Now, the group has 18 members across three provinces, and a solid track record of getting above-market prices for a growing volume of their branded cuts.
The individual farms have given up some autonomy. They’ve had to commit to the group’s positioning statement (Prairie Heritage Beef is a partnership of eco-committed ranch families that work together to sustainably produce and market beef, connecting the ranch gates to the consumer plates) making it not just a marketing statement, but an accurate description of how they farm every day.
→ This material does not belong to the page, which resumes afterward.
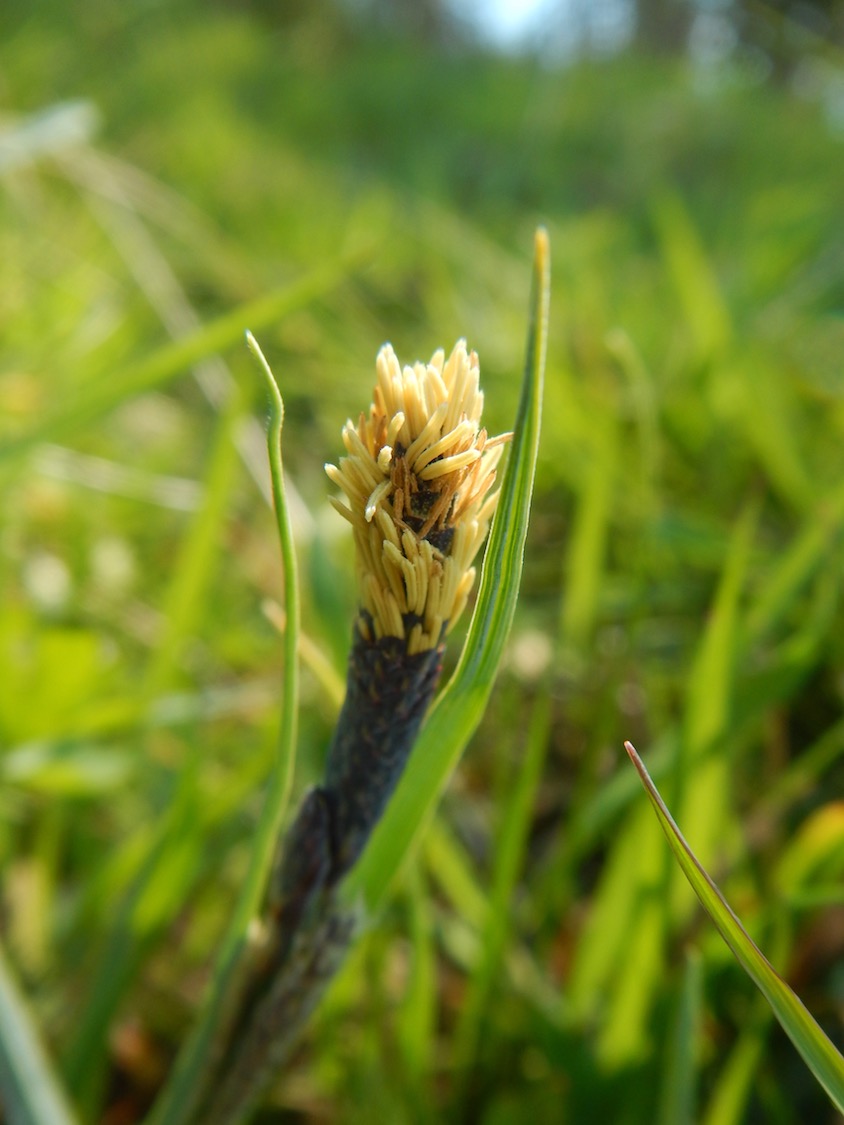 Male flower Carex flacca 6May2017 NS5857 PW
They’ve had to accept that who they are and how they farm are key to the overall group’s success, as customers can see by checking out each of their profiles on
As well, group members have also needed to adapt their businesses to the partnership, much as farmers have to accept some curbs on their decision making when they enter any kind of partnership, even if it’s a straightforward machinery-sharing partnership with a cousin down the road.
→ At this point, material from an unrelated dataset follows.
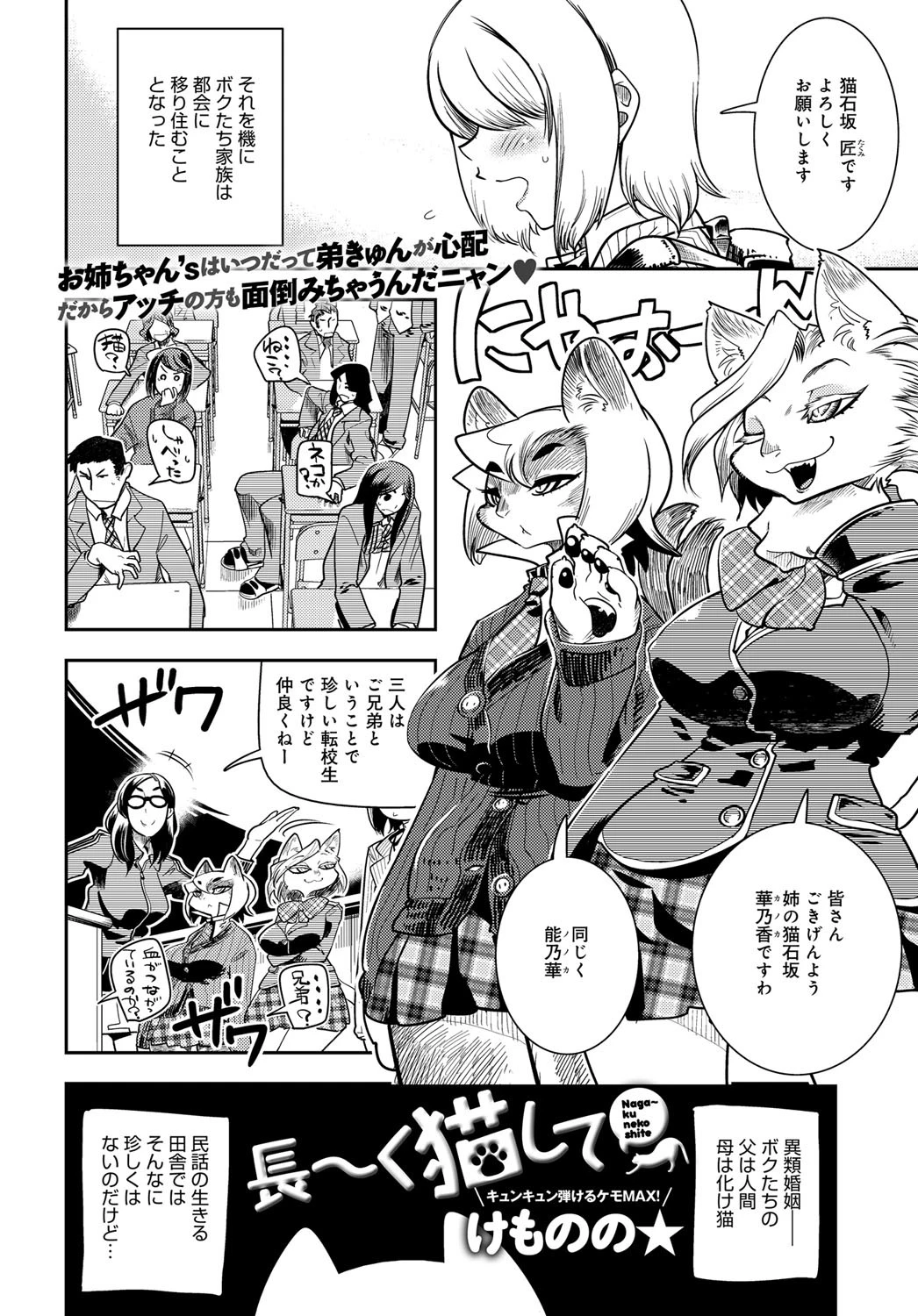 長〜く猫してページ2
In return, though, these mid-sized farms have been able to secure their place in the beef industry.
The strategic decision to move in a new direction was a straightforward dollars-and-cents response to a clearcut business problem, Weder says.
“There just isn’t enough money in doing it the other way,” Weder told COUNTRY GUIDE with a rueful chuckle. “Do I need to be any more specific than that? If you look at return on investment, the cow-calf sector is the worst in all of agriculture.”
Weder says the project hasn’t been an easy one to get up and running, but today Prairie Heritage Beef Producers slaughters and markets about 5,000 animals a year, with markets as far away as Europe.
What keeps them going, says Weder, is a shared belief that a strong marketing effort and a focus on building a solid customer base can create the sustainable future that eluded the old model and its unstated assumption that if you produce it, someone will want to buy it.
“I think it goes all the way back to our ag schools,” says Weder, who graduated with a masters degree in range management from Oregon State. “We learn all about production, production, production — but we learn next to nothing about marketing. Maybe we should be learning a whole lot more about marketing.”
That’s meant there had to be a tough paradigm shift for farmers who had been raised in an industry built on the idea that commodities are interchangeable, and that one farm’s beef is identical to any other farm’s beef.